B pertussis secretes several virulence factors, including toxins such as pertussis toxin (PT), tracheal cytotoxin and adhesins such as filamentous hemagglutinin (FHA) and pertactin (PRN)[6]. Protection for pertussis has been associated with higher levels of antibodies against PT, PRN and FHA[4]. PT is a protein exotoxin which is central to the pathogenesis of whooping cough. Detoxified PT is considered to be essential for acellular pertussis vaccines[3]. It is the S1 subunit of PT which possesses enzymatic capabilities of the ADP ribosyltransferase. A mutant containing a single amino acid substitution Arg9-Lys of pertussis toxin subunit 1 (PTS1) reduced the enzymatic activity of wild PTS1 by approximately 0.02%, while retaining the protective epitope[7]. The Arg9-Lys and Glu129-Gly analog was found to be significantly more immunogenic than other mutation analogs[8]. PRN is another important pertussis vaccine antigen in multicomponent vaccines. Studies have shown that PRN is a critical component of pertussis vaccines[2]. The interaction between the mammalian cells and PRN can be specifically inhibited by an Arg-Gly-Asp (RGD)-containing synthetic peptide that is homologous with a region found between positions 939 and 1014 in the PRN gene sequence[9]. FHA is the major adhesin of B pertussis for bronchial epithelial cells[10]. Monoclonal antibodies of amino acid residues following the RGD peptide were shown to inhibit binding of B pertussis to ciliated rabbit cells in the same fashion as antibodies elicited by whole FHA[11]. In this study, mutated PTS1 and the fragments of PRN (amino acid residues 248–364) and FHA (amino acid residues 1099–1210) were used as combined and recombinant vaccines.
DNA vaccines make use of the fact that plasmid DNA can directly transfect animal cells in vivo[12]. This discovery made it possible to induce immune responses by direct injection of DNA plasmids encoding for antigenic proteins into animal cells. This method, referred to as DNA immunization, has now been used to elicit protective antibody and cell-mediated immune responses for viral, bacterial and parasitic diseases[5].

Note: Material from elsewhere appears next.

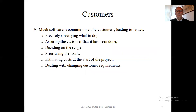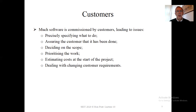Customers. A lot of software is commissioned by customers, especially in the software industry. Customers can cause problems — it'd be ideal if there were no customers, it's so easy to write software then. But customers actually pay for the software, so we need them. How do we specify exactly what we want to do? We need to get that from the customer. We also need to assure the customer that it has been done — a diligent customer will want things in place so that when we deliver software, they can test it and show we've delivered what they asked for. Deciding on the scope of the work — what are we going to do and what are we not going to do? An insidious problem with software development is gold plating: making the project better than it needs to be, and therefore more expensive.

Being an extracellular pathogen, B pertussis was thought to be a humoral pathogen only, whereas evidence suggests that cellular and humoral immunity may act in concert to eliminate B pertussis infection[13]. Thus B pertussis is now considered to be a facultative intracellular pathogen. Defence against intracellular pathogens is usually dependent on the activation of a strong cellular immune response[11]. Furthermore, cellular immunity memory lasts longer than humoral immunity, and may play a role in protective immunity after infection with B pertussis[2]. DNA vaccines are simple to make and deliver, and can elicit both humoral and cellular immunity[14]. Many studies suggest that DNA vaccines induce a broad range of protective immunities, including antibodies, CD8+CTL, CD4+Th cells that challenge the pathogens[15]. Immune responses generated by DNA vaccination are initiated by professional antigen-presenting cells (APC). APC presentation of antigens in the context of major histocompatibility complexes (MHC) class I and MHC class II molecules lead to cell-mediated and humoral immunity[16]. Commonly, interleukin (IL)-4 and IL-10 are mainly elicited by Th2 cells and are typically used as markers for humoral immunity, IFN-γ and TNF-α are mainly produced by Th1 cells and are considered cellular immune[14].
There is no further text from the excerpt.